詐欺犯人の巧妙な手口

 詐欺犯に多い手口として矢継ぎ早にLINEなどでメッセージを送り、相手を麻痺させていくという手法がある。陽子さんも出会って1日目だというのに、数分おきに交わされるLINEで、男を近い存在だと感じるように。

「3日目には最初の5万円を振り込んでいました。投資話を持ちかけられたんです」

 なぜ?と言いたくなるが、男性からは投資の手続きが完了すればデートができると持ちかけられたためだという。
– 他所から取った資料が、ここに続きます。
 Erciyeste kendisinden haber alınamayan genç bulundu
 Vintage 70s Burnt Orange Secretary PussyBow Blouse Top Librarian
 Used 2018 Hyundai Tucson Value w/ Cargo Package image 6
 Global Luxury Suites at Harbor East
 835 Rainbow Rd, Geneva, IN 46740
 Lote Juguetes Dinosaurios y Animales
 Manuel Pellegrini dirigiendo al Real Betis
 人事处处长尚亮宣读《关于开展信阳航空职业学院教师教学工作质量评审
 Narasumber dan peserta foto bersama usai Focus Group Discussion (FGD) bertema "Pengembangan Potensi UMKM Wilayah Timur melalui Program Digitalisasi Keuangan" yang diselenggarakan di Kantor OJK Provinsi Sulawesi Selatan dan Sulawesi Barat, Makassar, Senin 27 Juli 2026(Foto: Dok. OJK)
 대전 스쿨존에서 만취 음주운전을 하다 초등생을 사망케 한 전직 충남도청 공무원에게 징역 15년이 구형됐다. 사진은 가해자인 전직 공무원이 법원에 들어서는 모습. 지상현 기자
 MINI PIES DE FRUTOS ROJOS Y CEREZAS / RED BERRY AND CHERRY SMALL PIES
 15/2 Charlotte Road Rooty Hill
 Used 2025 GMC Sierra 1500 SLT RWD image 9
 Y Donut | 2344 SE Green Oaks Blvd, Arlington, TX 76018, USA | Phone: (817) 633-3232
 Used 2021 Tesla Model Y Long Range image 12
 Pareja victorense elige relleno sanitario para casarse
「会えばどうにかなると思いました。その日までは相手の言うことを信じようと思ったんです。さらに生命保険のお金を解約するよう言われて、650万円を振り込んだんです」

 最初のコンタクトからわずか1週間以内の話である。大金を振り込んだ結果は……。

「私からこれ以上お金を引き出せないとわかったのか、急に“会えない”と言われて」

 気づいたらジェスのLINEアカウントは退会。連絡はとれない状態に。

「騙された私が悪いけれど、相手のことは許せない」

 と、傷は癒えないままだ。

 なぜこんなお粗末な詐欺にひっかかってしまうのか。前出の水谷さんは、

「パチンコの感覚に近いのかもしれません。負けてるけど引き返せない。損を認めたくないから、相手の要求どおりに振り込み続ければ、回収できると錯覚させられる。だから振り込んでしまうのです。私が取材した被害者も最高額で4600万円をわずか2週間で失っています」

 国際ロマンス詐欺を見抜く方法はあるのか。

「まず彼らは絶対に会おうとしません。やりとりの最中に第三者も必ず出てきます。あと彼らはボロが出るからか、電話でのコミュニケーションは極力とりたがらない。